Let's see how all the neanderthal-grade Trump supporters justify this.
"No one knows when the next alert or request to save a chunk of US government-held climate data will come in. Such data, long available online, keeps getting taken down by US President Donald Trump's administration. For the last six months or so, Cathy Richards has been entrenched in the response. She works for one of several organisations bent on downloading and archiving public data before it disappears.
"You get a message at 11 o'clock at night saying, 'This is going down tomorrow'," she says. "You try to enjoy your day and then everything goes wrong. You just spend the night downloading data."
"Some of the messages are "heart-breaking", says Richards. Scientists sometimes get in touch, desperate to know that data they have spent their professional lives collecting will be rescued. "You hear the urgency," she says. "You understand that this is someone's X amount of years of research and this is their baby. That's probably why we snap into action."

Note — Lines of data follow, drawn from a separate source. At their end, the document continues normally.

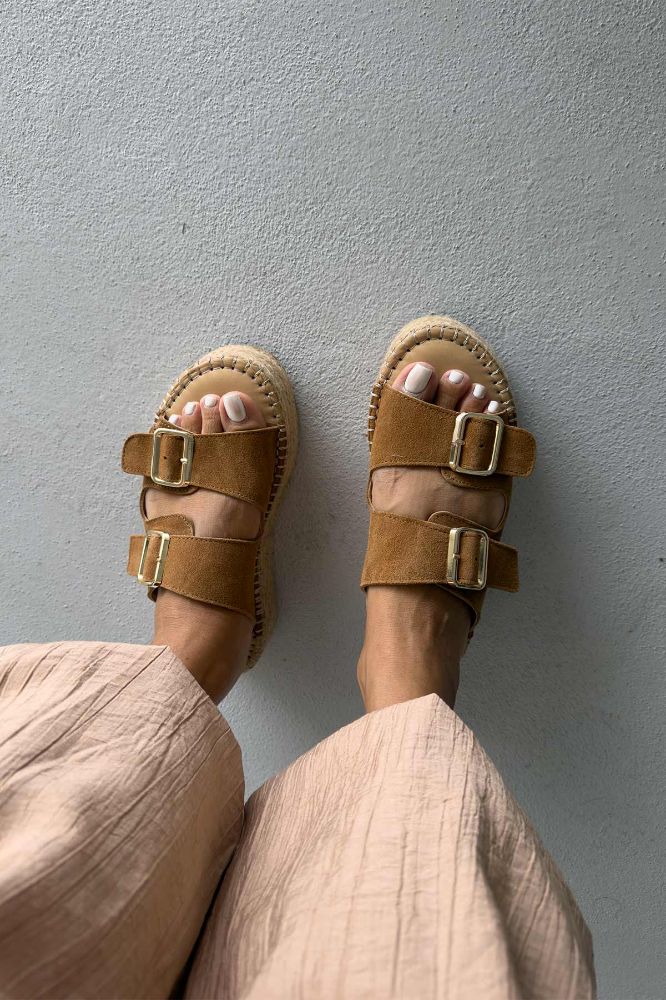 Ellinor Hakiki Deri Dolgu Topuk   5 CM TABA SÜET TERLİK resmi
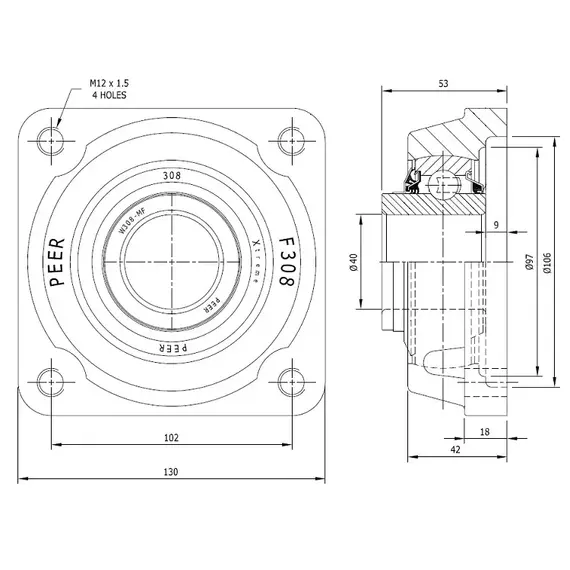 Корпус із підшипником W308-40MM-FDT-MF-AP-SP1 (PER.W308RRPB52-F-A) PEER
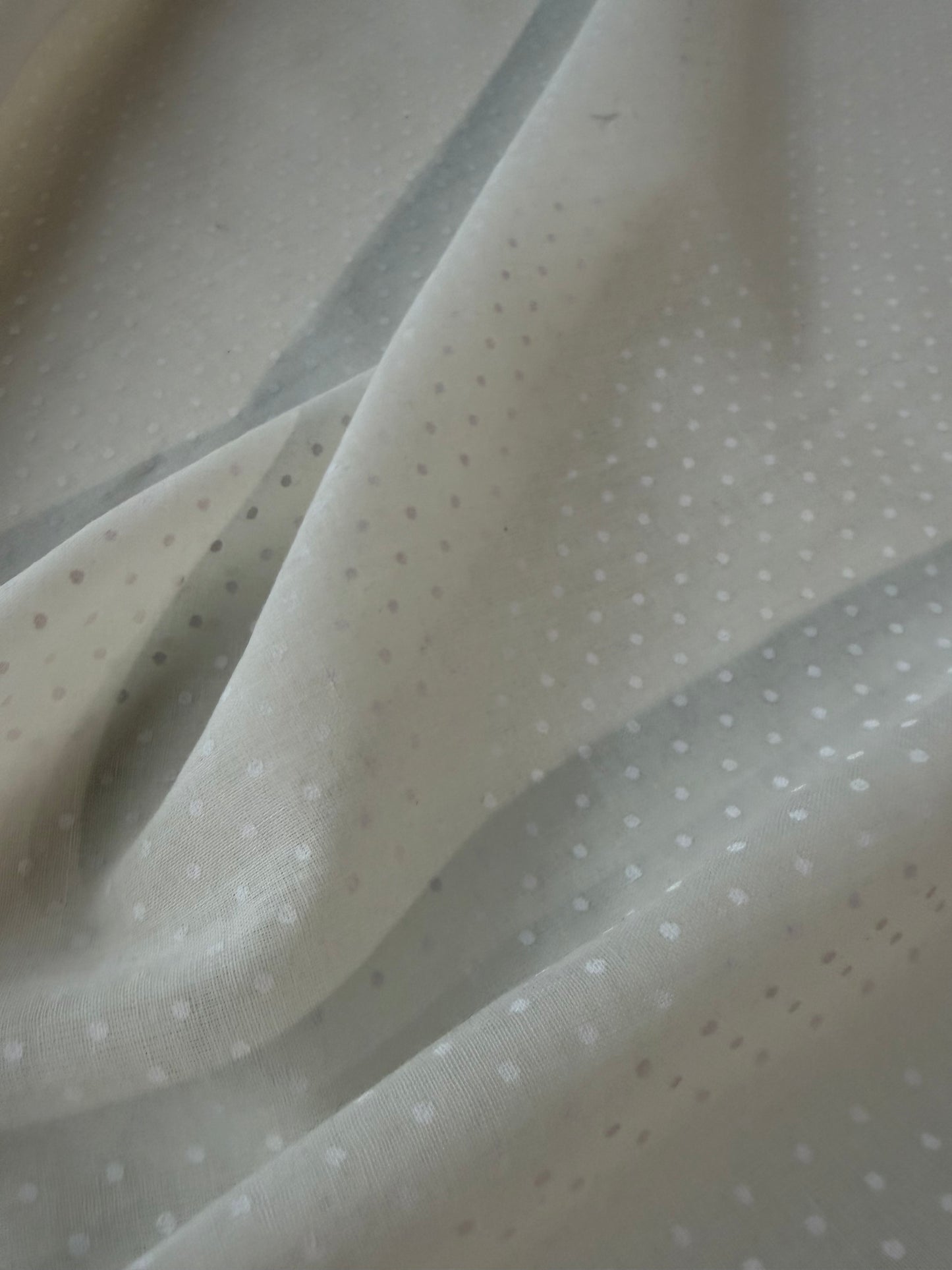 FREDO 011 white cotton voile with white dots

Shortly after President Trump's inauguration on 25 January 2025, his administration announced sweeping changes to federal departments and agencies, in a bid to reduce what it called "waste" and "inefficiencies". But many of the programmes and resources currently disappearing are critically important, scientists say. Climate researchers who spoke to the BBC pointed out that some deleted datasets have supported important research on climate change and life-threatening weather extremes, for example."
Swathes of scientific data deletions are sweeping across US government websites – with decades of research at risk. Now, scientists are racing to save their work before it's lost.